Putting that in context, there are around 31.21 million people in work in the United Kingdom today, out of a total population of 64 million.

As machines are becoming smarter, more jobs are becoming at risk of automation, especially low-skilled ones, although mid-skilled positions were going to be affected too, according to Haldane.

The economist, reiterating his stance that a rate cut was as plausible as a rate rise, said that a hike in the cost of borrowing now would ‘increase unnecessarily the chances of the economy falling below critical velocity’.

The bank classified the jobs into three categories – those where the probability of automation was higher than 66 per cent, those in the probability range of 33-66 per cent and those with probability of automation lower than 33 per cent.

Those most at risk, he said, are those performing menial administrative, clerical and production jobs.

According to the bank’s study, jobs with high probability of automation are sales and customer service workers.

The Bank’s chief economist said technological advances since the 18th century had always had the effect of widening the gap between the skilled and unskilled, but that there were signs that this process was speeding up.

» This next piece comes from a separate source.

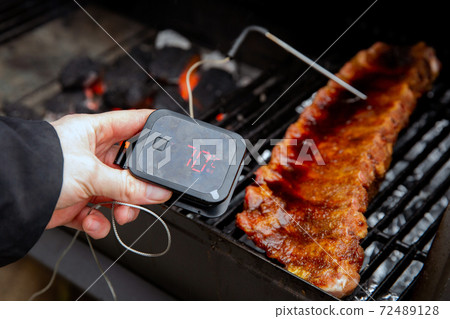 Digital Thermometer BBQ, grill, barbecue for beaf steak and spare rib ant other meat. measuring temperature Digital Thermometer BBQ, grill, barbecue for beaf steak and spare rib ant other meat. measuring temperature 72489128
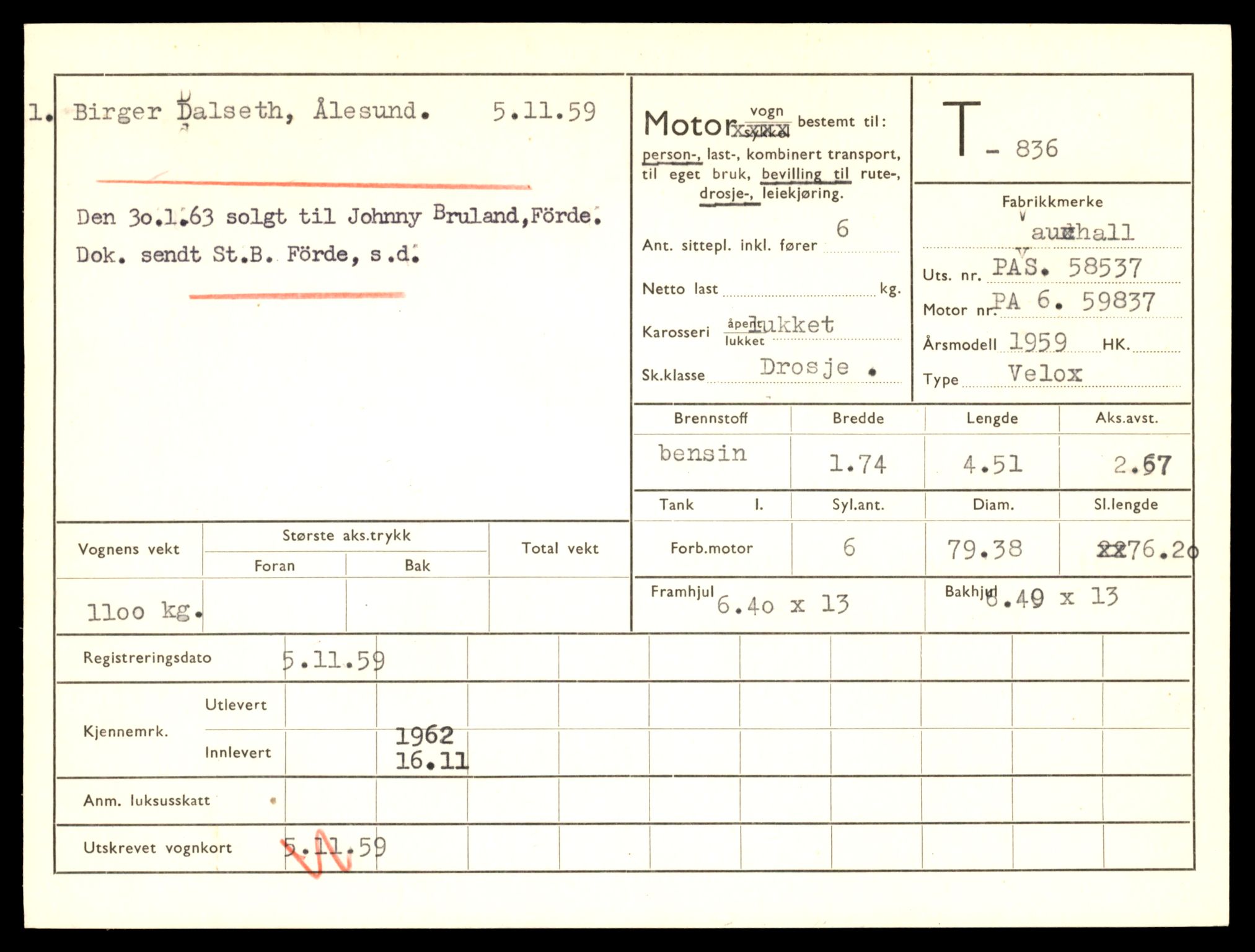 Møre og Romsdal vegkontor - Ålesund trafikkstasjon, AV/SAT-A-4099/F/Fe/L0008: Registreringskort for kjøretøy T 747 - T 894, 1927-1998, p. 2182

In America up to 80m jobs could be at risk of being taken over by robots.

The Bank’s official forecast is for inflation to return to 2% in two years’ time, but Haldane said this assumed that labour’s share of national income recovered to its pre-crisis trend.

Mr Haldane added: “The driverless vehicle was science fiction no more than a decade ago”.

The questions below are based on research by Michael Osborne and Carl Frey from Oxford University called ‘The Future of Employment: How susceptible are jobs to automation?’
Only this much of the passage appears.